◆ About this task ◆
From the first line to the last, copy the listing exactly and omit the images.

◆ Given material ◆
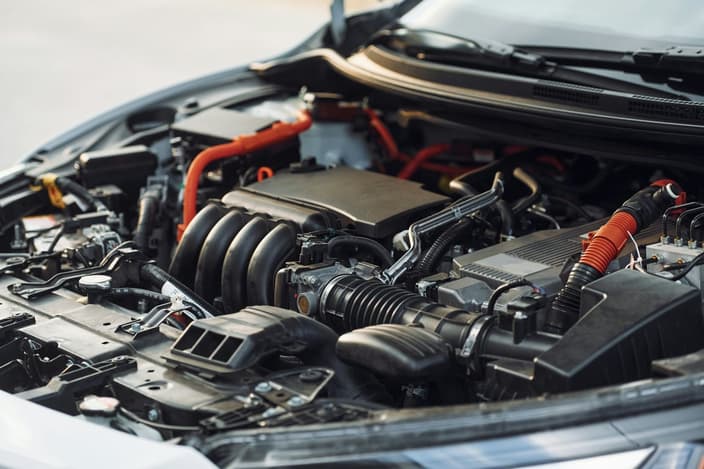 Motorový prostor moderního automobilu s otevřenou kapotou a viditelnými komponenty motoru.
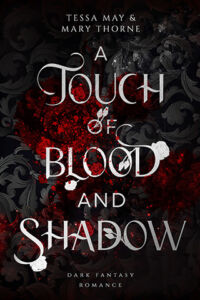 Cover von A Touch of Blood and Shadow von Tessa May und Mary Thorne: Ein schwarzer Hintergrund mit Ornamenten, mittig Blutstropfen, darüber in weiß der Buchtitel. 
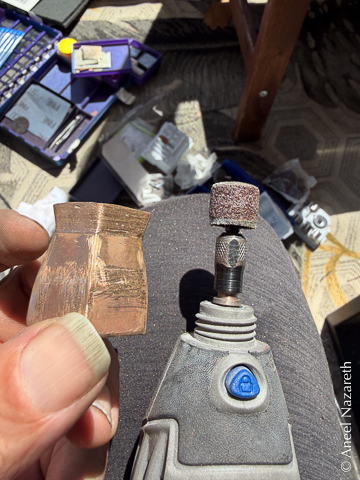 The bronze vase is held next to a Dremel with a cylindrical sanding attachment. Some of the joins have been smoothed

◆ Task result ◆
 Motorový prostor moderního automobilu s otevřenou kapotou a viditelnými komponenty motoru.
 Cover von A Touch of Blood and Shadow von Tessa May und Mary Thorne: Ein schwarzer Hintergrund mit Ornamenten, mittig Blutstropfen, darüber in weiß der Buchtitel. 
 The bronze vase is held next to a Dremel with a cylindrical sanding attachment. Some of the joins have been smoothed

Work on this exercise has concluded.